» What this task involves
Only lines containing "Black" belong in the answer, each copied from the entries below.
========================
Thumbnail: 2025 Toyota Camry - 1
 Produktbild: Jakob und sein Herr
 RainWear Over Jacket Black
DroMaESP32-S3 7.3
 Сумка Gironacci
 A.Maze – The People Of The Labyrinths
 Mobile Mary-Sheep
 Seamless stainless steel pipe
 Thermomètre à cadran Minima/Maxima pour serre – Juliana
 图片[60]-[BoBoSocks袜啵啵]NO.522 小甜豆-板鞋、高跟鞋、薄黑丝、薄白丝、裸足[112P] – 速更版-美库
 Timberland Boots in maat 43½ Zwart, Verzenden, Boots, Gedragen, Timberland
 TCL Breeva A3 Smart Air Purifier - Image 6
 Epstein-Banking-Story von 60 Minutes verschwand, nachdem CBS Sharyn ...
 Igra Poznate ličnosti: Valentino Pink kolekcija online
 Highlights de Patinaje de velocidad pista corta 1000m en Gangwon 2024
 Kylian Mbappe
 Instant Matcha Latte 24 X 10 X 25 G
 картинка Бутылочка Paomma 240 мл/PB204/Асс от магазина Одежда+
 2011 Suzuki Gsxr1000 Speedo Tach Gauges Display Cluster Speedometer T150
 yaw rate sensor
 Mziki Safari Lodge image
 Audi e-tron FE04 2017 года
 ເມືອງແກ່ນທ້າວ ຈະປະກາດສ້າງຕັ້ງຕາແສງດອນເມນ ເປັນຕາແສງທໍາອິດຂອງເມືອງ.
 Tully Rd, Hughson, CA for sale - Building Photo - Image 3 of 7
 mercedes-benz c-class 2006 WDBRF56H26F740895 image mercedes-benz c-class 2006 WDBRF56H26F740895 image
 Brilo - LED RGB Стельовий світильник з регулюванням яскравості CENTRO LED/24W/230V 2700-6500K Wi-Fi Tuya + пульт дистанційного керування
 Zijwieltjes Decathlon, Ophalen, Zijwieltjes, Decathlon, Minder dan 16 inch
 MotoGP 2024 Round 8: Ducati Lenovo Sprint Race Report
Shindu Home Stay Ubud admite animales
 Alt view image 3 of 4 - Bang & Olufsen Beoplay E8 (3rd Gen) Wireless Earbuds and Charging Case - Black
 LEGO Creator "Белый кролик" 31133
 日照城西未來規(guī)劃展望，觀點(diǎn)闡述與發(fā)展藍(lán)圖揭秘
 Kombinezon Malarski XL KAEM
========================
» Output of the exercise
 RainWear Over Jacket Black
 Alt view image 3 of 4 - Bang & Olufsen Beoplay E8 (3rd Gen) Wireless Earbuds and Charging Case - Black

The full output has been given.